The neuron thrives in a fluid environment, extracellular fluid around it and intracellular fluid, cytoplasm, within it. Neuronal membranes play a crucial function in separating the two fluids as the signal that travels through the neuron requires them to be electrically distinct. The differential powers and movement in energy across the membrane, are known as the membrane potential. Neurons are the primary cell populations in the brain that process information, learn, remember, and make decisions. The synapse is when two neurons communicate with one another. The neurons communicate as follows; the presynaptic neuron discharges neurotransmitters into the synaptic cleft in a chemical synapse. Zareh et al. (2019) add that chemical synapses, as opposed to electrical synapses, are the most prevalent synapses in the brain, offering gain control and directionality. Subsequently, Zareh et al. (2019) emphasize that the neurotransmitters attach themselves to receptors on the postsynaptic neuron. As a result, they prompt the ion channels to open and stimulate the postsynaptic neuron.
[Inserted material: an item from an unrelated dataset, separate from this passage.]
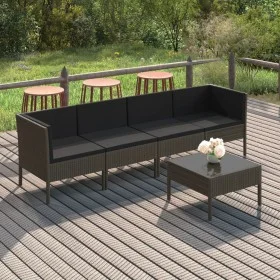 5-piece garden furniture set and gray synthetic rattan cushions by vidaXL, Garden sets - Ref: Foro24-3094338, Price: 371,40 €...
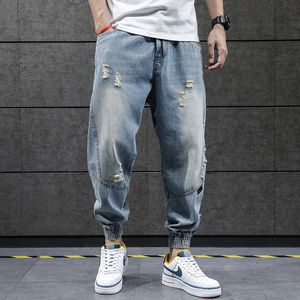 Jeans da uomo estate strappata moda oversize sciolto coreano elastico in vita caviglia Harem denim per uomo pantaloni 220923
Within a neuron specifically in the axon to the dendrite end, a wave is transmitted via a transient recurrence of the relatively static membrane potential known as action potential (Zareh et al., 2019). As such, nerve impulses or spikes must move through the axon to arrive at the synaptic terminal. Once at the synaptic terminal, the neurotransmitter starts to relay information to other neurons. The thickness of a synaptic terminal and its resilience to divulge determines the rate with which an action potential is transmitted.
The processes of the development of an action potential can be summarized as follows: First, the target cell depolarizes toward the threshold potential in response to a spur from a nerve cell together with other neurons. Second, when the stimulation threshold is exceeded, all sodium ion channels are free, depolarizing the membrane. Furthermore, the potassium ion channels continue to open during the maximum nerve spikes, and the potassium ions commence to escape the cell. Thus, the sodium ion channels shut at the exact moment. The membrane gets hyperpolarized as the potassium ions continue to leave the cell. As K+ ions continue to exit the cell, the membrane becomes hyperpolarized. The membrane is hyperpolarized and is therefore unable to fire a signal. Finally, the transporter of sodium and potassium ions restores the resting voltage potential by closing the potassium channels.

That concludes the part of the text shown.